A silent, often-missed condition that turns routine pain into a chronic battle. Dr Anshumala ShuklaKulkarni, Gynaecologist, Kokilaben Dhirubhai Ambani Hospital, helps us understand endometriosis.
What is endometriosis?
Endometriosis occurs when tissue similar to the lining of the uterus (the endometrium) grows outside the uterus. This misplaced tissue responds to hormonal changes, particularly oestrogen, just like the uterine lining — thickening, breaking down, and bleeding — but without a natural way to exit the body.
It most commonly appears in the pelvis — on or beneath the ovaries, behind the uterus (in the Pouch of Douglas), and on ligaments, the vagina, or rectum. In some cases, it may also affect the bladder, appendix, abdominal wall, or even areas higher in the abdomen. More than just a reproductive condition, endometriosis is now recognised as a systemic inflammatory disease, meaning it can affect multiple organs and systems in the body.
Why do some people develop it?
There’s no single, definitive cause. However, certain factors increase risk:
• Early onset of menstruation.
• Heavy, prolonged, or frequent periods.
• Family history of endometriosis.
It is also linked to immune system dysfunction. The body fails to clear abnormal tissue effectively, while inflammation is heightened, allowing the condition to persist and progress.
How common is delayed diagnosis?

Very. Globally, diagnosis can take four to seven years. Symptoms often begin in adolescence, but many women are only diagnosed in their mid-20s or later — frequently when facing fertility issues.

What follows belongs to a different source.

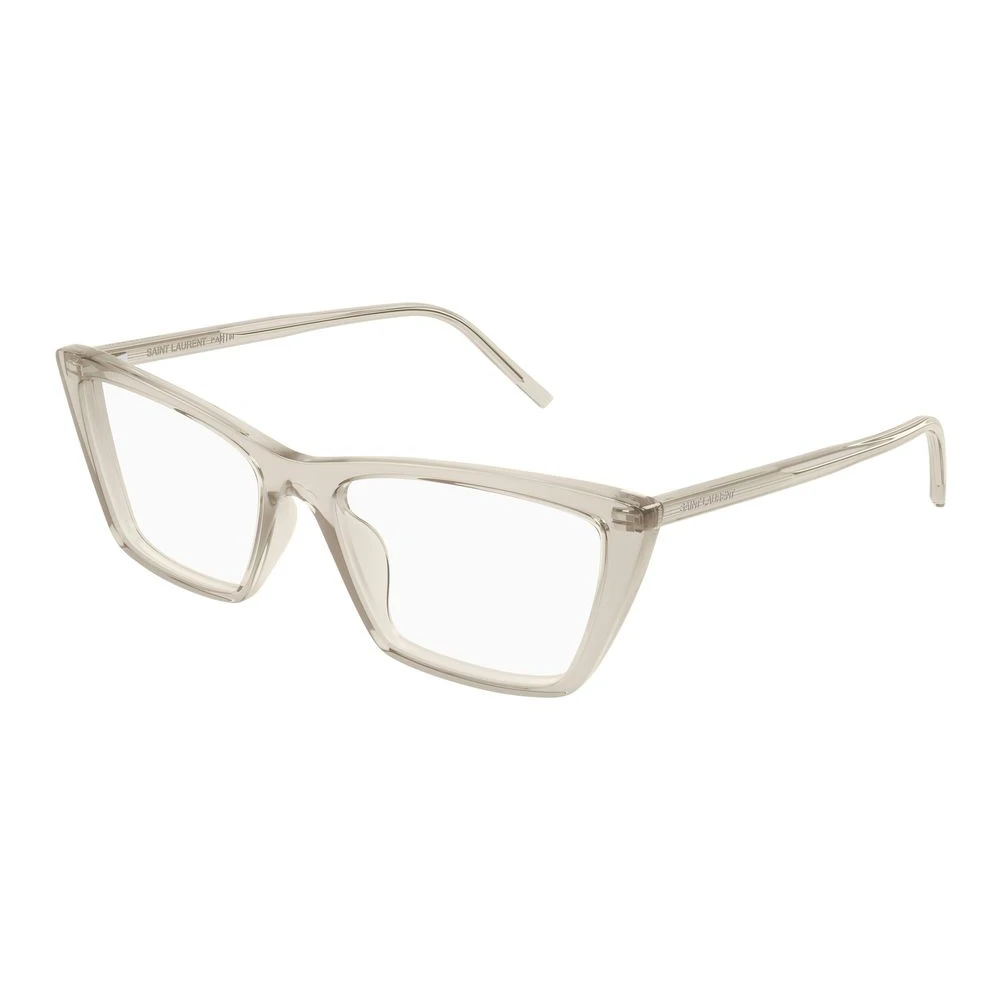 Saint Laurent Women's Beige Yellow Transparent Eyeglasses Sl 737 Mica - Glasses - 54 Mm - Accessories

Pain is often dismissed as “normal,” or patients are labelled as overreacting. This delay can lead to severe disease progression. Cultural silence, lack of awareness, and even gaps in medical understanding contribute to this problem.
What are the warning signs?
Your menstrual history is often the first clue. Watch for:
• Increasing or severe menstrual pain that disrupts daily life.
• Pain that worsens over time (instead of improving with age).
• Pain in the lower abdomen, middle, or sides.
• Pain that doesn’t respond well to standard painkillers.
When should you seek medical advice?
Don’t wait it out if you experience:
• Pain around ovulation or before periods.
• Bowel or bladder pain during menstruation.
• Frequent urination, diarrhoea, or constipation linked to your cycle.
• Lower abdominal tenderness.
• Pain during intercourse.
• Difficulty conceiving.
If your body is consistently signalling distress, it deserves attention — not dismissal.
How is endometriosis diagnosed?
Imaging techniques like specialised ultrasound and MRI can detect many ovarian and deep lesions. However, smaller peritoneal deposits are often harder to identify.
The only definitive diagnosis is through laparoscopy, a minimally invasive surgical procedure where tissue is removed and examined.
How does it affect fertility?
Endometriosis is associated with infertility in around 30% of affected women. Sometimes, infertility is the only symptom.
It impacts fertility in several ways:
1. Physical damage: Scarring or distortion of the ovaries and fallopian tubes can disrupt egg and sperm movement.
2. Functional disruption: Even without visible damage, it can affect fertilisation, embryo development, and implantation.
Early detection significantly improves outcomes.
What are the treatment options?
Medical Therapy
Hormonal treatments such as oral contraceptive pills or GnRH agonists can help control symptoms. However, they do not cure the condition or improve fertility, and may have side effects.
Surgical Management
Modern treatment focuses on the complete excision (removal) of endometriotic tissue rather than simply burning it. The disease is often compared to an iceberg — surface treatment can leave deeper disease behind.
Excisional Surgery (laparoscopy)
This approach offers:
• 70–80% chance of significant pain relief.
• Improved fertility outcomes.
• Effectiveness even in severe cases.
Most procedures are minimally invasive, allowing faster recovery.
Can lifestyle changes help?
While not a cure, certain measures may reduce risk or help manage symptoms:
• Regular exercise.
• Hormonal regulation (such as prescribed oral contraceptives).
These should complement — not replace — medical care.
The Bigger Picture
Endometriosis isn’t just about periods — it’s about quality of life. If something feels off, don’t accept dismissal as an answer. The right diagnosis, from the right specialist, can change the trajectory of the condition entirely.
Dr Anshumala Shukla-Kulkarni is an MD (O&G), DGO, FCPS, Fellow in Minimally Invasive Surgery (Singapore & Australia). Head – Minimally Invasive Gynaecology, Gynaecology Laparoscopic and Robotic Surgery.